I believe that our inner and outer work go hand in hand, pursuant to the ancient wisdom, “as below, so above.” That each feeds and strengthens the other so that we may both embody and act from the change we long for in the world. The world is calling for our engaged action, and action that is uninformed by some form of personal practice is likely less effective, or may even create more harm. As I see it, the call is to heal ourselves inwardly, while we simultaneously co-create and midwife in a new culture and civilization.

Among my personal passions in designing programs for the Bioneers conference is to bring together both the inner and outer dimensions of social transformation. Revealing the relationship between the two can lead to greater integration. That integration is essential for developing the leadership capacities in each of us, as I believe that this time on Earth asks us all to step forward with our own unique style of leadership.

In response to your feedback, and how apparent it’s become that we learn from our experience, we’ll have many more experiential and interactive sessions this year. On the inner plane, to advance learning about cultivating our own leadership by learning from nature’s model, I’m psyched for Leadership Lessons from the Living Earth. To develop greater inner awareness about cultural bias and a capacity to become a better white ally, check out Transforming our Relationship to White Privilege in Service to Beloved Community.

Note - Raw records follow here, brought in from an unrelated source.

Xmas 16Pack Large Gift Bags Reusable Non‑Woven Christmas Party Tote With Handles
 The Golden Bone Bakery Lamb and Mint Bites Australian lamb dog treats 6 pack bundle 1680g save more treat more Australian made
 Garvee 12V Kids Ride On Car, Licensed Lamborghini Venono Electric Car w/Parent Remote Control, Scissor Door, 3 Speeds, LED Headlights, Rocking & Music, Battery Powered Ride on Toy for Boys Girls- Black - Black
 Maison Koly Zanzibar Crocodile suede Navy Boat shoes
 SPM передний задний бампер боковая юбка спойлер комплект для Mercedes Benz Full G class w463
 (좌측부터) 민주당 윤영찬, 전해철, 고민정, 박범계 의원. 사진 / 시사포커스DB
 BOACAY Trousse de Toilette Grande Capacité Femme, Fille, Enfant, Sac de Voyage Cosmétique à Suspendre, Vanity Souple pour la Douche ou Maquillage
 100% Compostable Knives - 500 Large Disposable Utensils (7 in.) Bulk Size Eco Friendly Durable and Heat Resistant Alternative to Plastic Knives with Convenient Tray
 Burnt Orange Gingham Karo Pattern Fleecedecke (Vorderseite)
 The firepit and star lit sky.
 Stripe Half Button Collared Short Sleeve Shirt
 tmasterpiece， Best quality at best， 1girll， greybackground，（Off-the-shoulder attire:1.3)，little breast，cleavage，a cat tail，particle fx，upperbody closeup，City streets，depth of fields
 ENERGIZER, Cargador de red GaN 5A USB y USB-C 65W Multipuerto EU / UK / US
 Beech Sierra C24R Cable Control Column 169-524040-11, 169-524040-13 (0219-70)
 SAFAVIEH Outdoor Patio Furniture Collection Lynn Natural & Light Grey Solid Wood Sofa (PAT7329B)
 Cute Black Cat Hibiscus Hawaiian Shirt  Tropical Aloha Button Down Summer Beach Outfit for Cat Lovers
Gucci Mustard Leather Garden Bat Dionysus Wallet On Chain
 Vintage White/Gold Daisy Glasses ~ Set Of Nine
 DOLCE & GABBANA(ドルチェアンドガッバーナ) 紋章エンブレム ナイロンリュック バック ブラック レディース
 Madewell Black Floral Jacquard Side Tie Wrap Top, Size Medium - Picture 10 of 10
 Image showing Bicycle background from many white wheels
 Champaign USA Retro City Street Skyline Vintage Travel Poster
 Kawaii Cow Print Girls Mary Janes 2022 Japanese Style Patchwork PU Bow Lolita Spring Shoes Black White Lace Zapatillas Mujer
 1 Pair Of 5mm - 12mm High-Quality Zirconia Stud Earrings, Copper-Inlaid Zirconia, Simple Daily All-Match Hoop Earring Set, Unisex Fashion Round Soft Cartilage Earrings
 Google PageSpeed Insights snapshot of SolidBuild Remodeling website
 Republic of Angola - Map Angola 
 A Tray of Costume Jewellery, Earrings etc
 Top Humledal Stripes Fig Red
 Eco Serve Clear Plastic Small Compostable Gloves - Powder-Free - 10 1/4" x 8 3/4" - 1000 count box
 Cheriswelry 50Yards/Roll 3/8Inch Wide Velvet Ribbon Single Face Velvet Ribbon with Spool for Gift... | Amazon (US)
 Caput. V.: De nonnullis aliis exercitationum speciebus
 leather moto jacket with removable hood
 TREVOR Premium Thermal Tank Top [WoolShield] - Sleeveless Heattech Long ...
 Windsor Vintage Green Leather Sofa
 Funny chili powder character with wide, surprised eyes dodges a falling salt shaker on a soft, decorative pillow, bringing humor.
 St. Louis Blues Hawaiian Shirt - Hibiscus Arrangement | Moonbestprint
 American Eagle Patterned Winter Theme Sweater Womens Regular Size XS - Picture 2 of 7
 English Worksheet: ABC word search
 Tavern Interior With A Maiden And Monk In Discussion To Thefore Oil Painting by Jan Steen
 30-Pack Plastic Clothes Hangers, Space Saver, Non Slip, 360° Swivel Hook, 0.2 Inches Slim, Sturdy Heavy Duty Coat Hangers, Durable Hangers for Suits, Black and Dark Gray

Another particular pleasure for me is assembling diverse viewpoints from people who are wise of heart, creative of hand and insightful of mind to explore a highly relevant topic in a way that brings differing modalities or disciplines together. To explore the positive benefits, outwardly, of acting on behalf of a racially healthy and equitable society, In Pursuit of Happiness: Becoming Beloved Community assembles just such an array of eloquent thinkers and doers. And, as last month’s e-letter noted, the Society and Inner Resilience emergent conversation also exemplifies that spectrum of diverse perspectives.

Perhaps the most important muscles we can develop, as leaders, involve our capacities to connect across differences and to unite apparent paradox. Now more than ever, we need to find our way through seemingly intractable dualities toward a future where we can appreciate our differences while joining together in unified values and action on behalf of the whole web of life.

And studies now show that the most critical factor in community resilience – whether or not communities pull through crises – is the strength of social ties. As Sarah Crowell of Destiny Arts puts it, “The way we’ll hold it together is to hold it – together.”

Multiple programs address each of these aspects of inner and outer resilience, and I’d like to share my perspective on a few.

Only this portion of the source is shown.